• _COLLECTED MATERIAL_
::::

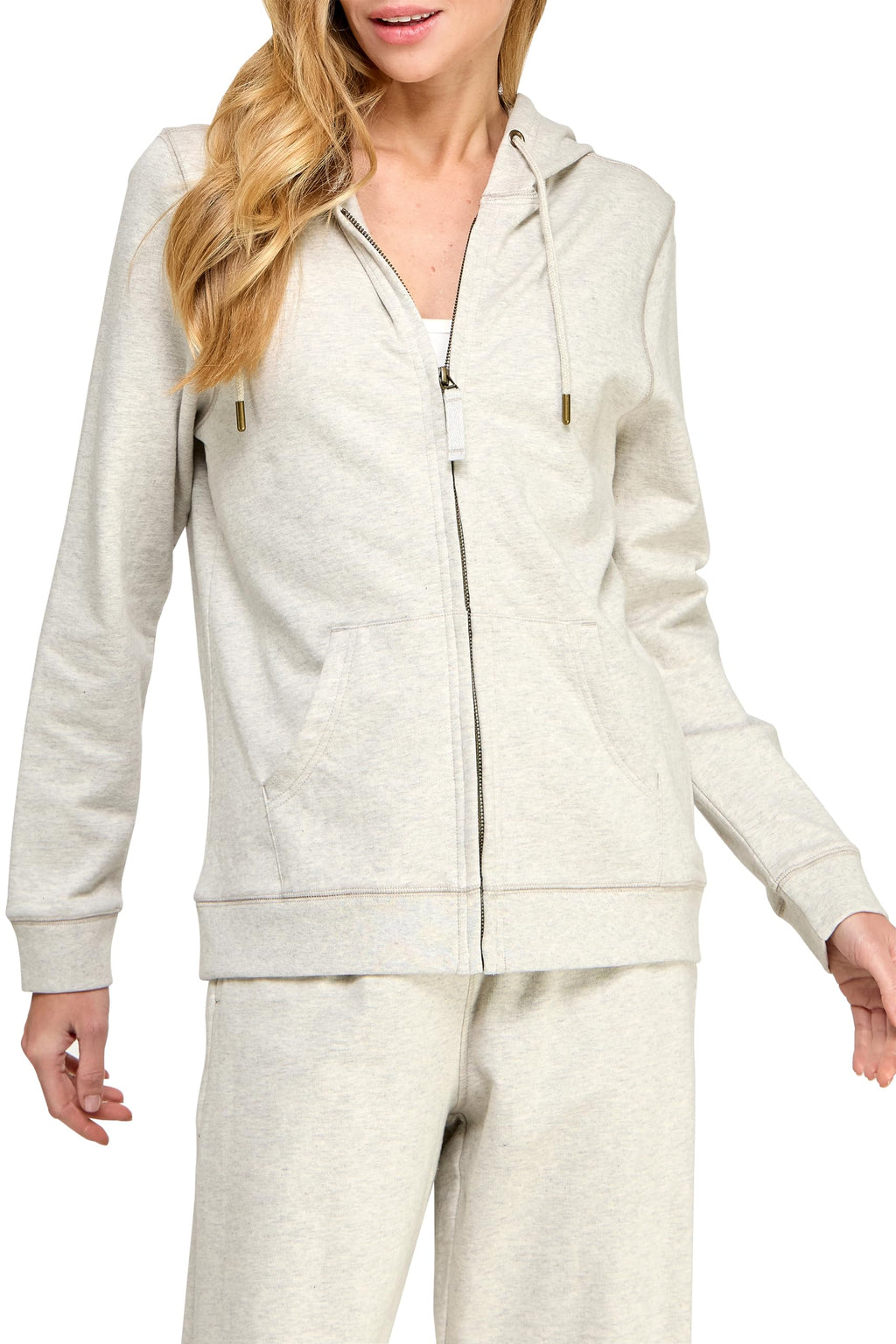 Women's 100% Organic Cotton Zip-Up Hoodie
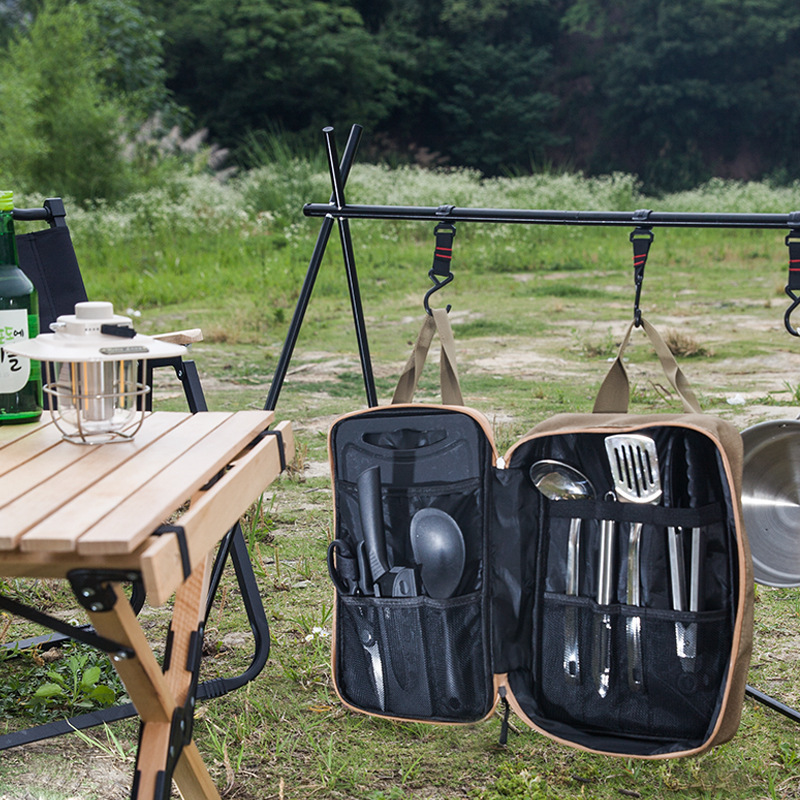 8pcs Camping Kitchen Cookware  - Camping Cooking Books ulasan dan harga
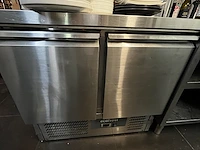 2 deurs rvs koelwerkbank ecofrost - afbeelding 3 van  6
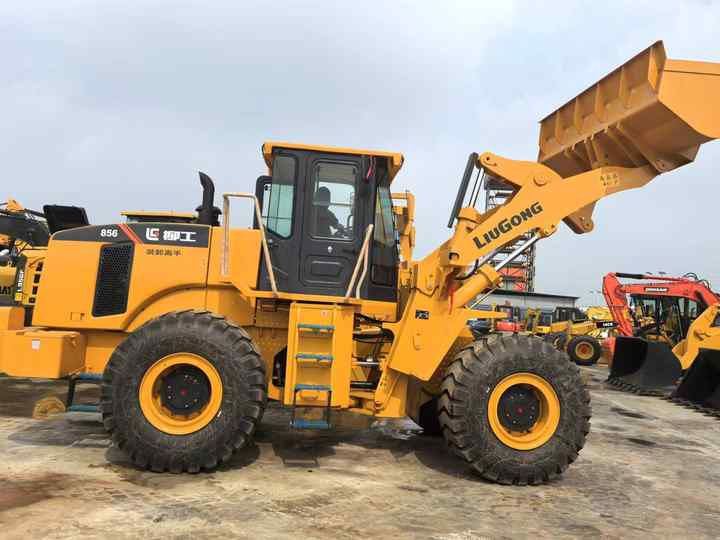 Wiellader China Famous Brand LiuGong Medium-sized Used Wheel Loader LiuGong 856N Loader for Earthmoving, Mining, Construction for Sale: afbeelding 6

::::

• _YOUR GOAL_
Print the full listing again exactly, and drop every image from it.

• _RESULT BELOW_
 Women's 100% Organic Cotton Zip-Up Hoodie
 8pcs Camping Kitchen Cookware  - Camping Cooking Books ulasan dan harga
 2 deurs rvs koelwerkbank ecofrost - afbeelding 3 van  6
 Wiellader China Famous Brand LiuGong Medium-sized Used Wheel Loader LiuGong 856N Loader for Earthmoving, Mining, Construction for Sale: afbeelding 6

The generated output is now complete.